WHAT TO DO:
Locate, in the data below, the line that contains "Train in the" and the line that contains "Шкаф распашной MONTANA"; reproduce exactly those two lines and every line between them, nothing more.

===============

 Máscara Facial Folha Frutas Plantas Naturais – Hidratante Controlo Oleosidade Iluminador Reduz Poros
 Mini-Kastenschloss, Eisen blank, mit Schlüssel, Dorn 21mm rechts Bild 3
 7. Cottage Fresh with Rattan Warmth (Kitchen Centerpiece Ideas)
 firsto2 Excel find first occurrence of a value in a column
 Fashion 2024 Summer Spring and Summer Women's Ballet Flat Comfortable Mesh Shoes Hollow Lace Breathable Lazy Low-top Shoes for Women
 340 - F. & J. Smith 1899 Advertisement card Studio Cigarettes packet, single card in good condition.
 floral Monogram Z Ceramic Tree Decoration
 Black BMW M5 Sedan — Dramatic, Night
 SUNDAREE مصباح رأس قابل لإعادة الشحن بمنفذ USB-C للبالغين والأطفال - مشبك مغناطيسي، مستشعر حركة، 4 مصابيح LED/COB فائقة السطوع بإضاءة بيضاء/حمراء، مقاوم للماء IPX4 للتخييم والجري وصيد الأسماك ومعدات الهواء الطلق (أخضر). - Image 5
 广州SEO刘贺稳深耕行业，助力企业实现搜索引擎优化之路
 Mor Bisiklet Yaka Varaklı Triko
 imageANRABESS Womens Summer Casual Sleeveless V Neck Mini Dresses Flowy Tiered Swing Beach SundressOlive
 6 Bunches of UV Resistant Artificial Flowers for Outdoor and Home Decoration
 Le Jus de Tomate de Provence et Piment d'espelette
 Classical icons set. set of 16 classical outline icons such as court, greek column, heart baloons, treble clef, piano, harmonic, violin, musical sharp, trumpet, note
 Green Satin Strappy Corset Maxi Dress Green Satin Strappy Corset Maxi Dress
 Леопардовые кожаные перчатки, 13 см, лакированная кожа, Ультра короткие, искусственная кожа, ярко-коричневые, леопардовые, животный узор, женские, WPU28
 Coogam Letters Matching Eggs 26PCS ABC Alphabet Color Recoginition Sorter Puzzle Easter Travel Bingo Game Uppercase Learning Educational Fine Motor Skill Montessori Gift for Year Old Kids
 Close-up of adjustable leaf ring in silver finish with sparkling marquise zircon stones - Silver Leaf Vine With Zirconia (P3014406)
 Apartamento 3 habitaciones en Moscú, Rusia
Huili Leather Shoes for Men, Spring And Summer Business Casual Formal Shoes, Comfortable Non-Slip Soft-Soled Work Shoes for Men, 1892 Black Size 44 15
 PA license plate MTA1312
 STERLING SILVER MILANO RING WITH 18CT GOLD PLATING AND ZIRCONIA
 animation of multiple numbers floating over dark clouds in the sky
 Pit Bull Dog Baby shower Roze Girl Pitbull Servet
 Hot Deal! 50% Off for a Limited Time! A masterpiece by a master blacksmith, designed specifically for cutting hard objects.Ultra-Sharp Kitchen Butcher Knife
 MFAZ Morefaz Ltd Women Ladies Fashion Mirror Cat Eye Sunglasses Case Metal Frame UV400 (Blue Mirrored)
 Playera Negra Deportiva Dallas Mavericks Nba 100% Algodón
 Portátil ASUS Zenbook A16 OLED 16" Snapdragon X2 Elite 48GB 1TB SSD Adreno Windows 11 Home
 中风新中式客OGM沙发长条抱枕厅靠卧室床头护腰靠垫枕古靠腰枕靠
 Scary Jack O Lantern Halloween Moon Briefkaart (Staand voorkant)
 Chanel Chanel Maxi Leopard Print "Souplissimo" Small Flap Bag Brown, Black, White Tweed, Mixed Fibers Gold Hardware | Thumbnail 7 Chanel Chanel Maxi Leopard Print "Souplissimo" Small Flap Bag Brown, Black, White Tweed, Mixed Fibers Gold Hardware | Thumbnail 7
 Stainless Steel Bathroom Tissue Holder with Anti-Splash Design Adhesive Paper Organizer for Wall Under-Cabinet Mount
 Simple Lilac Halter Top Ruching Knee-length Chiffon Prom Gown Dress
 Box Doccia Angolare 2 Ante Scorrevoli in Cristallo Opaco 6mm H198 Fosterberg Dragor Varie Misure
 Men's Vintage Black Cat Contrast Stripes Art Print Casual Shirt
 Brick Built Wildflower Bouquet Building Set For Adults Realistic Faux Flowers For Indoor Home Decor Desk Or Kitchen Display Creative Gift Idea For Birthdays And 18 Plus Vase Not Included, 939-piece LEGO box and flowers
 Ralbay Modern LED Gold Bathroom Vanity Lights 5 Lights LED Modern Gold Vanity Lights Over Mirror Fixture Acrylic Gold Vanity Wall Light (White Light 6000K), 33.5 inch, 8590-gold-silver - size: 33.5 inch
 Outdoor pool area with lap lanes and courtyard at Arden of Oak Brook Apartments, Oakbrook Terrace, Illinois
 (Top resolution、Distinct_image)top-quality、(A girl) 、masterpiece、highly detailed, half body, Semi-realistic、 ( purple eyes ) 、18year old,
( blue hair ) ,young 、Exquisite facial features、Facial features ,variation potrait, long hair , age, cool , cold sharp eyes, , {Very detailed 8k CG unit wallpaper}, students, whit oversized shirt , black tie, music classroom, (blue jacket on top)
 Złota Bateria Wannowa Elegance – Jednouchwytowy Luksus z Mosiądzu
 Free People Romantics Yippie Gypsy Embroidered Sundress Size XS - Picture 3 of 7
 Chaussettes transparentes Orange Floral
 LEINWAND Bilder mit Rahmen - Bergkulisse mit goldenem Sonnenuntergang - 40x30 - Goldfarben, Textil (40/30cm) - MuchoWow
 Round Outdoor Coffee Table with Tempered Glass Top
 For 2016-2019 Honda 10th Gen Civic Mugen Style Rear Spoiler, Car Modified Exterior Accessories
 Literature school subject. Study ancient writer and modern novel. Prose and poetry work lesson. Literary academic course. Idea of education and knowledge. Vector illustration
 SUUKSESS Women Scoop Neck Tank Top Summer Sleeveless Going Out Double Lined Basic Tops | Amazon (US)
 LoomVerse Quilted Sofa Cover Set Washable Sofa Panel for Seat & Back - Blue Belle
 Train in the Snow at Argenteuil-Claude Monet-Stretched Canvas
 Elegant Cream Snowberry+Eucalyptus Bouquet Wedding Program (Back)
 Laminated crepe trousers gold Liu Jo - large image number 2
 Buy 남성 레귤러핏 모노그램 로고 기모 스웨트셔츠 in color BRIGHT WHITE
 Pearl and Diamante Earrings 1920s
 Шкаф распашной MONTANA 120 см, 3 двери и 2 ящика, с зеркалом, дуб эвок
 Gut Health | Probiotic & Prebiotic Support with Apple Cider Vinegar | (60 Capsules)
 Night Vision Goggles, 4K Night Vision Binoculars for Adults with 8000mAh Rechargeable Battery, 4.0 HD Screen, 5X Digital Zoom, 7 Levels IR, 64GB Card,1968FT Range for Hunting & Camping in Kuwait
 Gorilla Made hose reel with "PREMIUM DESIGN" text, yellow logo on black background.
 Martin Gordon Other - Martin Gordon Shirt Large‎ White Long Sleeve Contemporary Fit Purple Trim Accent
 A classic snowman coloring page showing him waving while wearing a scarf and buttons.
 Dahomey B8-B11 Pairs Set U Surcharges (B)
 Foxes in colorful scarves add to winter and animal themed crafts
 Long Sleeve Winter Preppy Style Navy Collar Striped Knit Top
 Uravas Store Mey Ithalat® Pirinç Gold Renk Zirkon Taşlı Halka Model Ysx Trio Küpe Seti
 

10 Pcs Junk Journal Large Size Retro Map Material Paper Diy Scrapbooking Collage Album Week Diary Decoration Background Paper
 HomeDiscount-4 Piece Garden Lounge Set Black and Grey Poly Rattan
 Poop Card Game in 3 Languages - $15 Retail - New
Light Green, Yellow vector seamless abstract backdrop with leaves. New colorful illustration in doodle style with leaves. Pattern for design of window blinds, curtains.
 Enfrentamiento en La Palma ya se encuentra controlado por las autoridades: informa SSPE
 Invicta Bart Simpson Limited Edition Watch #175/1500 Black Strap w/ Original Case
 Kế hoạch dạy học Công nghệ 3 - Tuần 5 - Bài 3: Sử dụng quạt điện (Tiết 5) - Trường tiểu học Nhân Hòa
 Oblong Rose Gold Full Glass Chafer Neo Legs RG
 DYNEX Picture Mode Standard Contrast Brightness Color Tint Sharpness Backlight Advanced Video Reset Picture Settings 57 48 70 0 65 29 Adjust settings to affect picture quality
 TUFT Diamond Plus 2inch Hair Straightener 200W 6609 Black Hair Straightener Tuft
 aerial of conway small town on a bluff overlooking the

===============

REPLY TO THE TASK:
 Train in the Snow at Argenteuil-Claude Monet-Stretched Canvas
 Elegant Cream Snowberry+Eucalyptus Bouquet Wedding Program (Back)
 Laminated crepe trousers gold Liu Jo - large image number 2
 Buy 남성 레귤러핏 모노그램 로고 기모 스웨트셔츠 in color BRIGHT WHITE
 Pearl and Diamante Earrings 1920s
 Шкаф распашной MONTANA 120 см, 3 двери и 2 ящика, с зеркалом, дуб эвок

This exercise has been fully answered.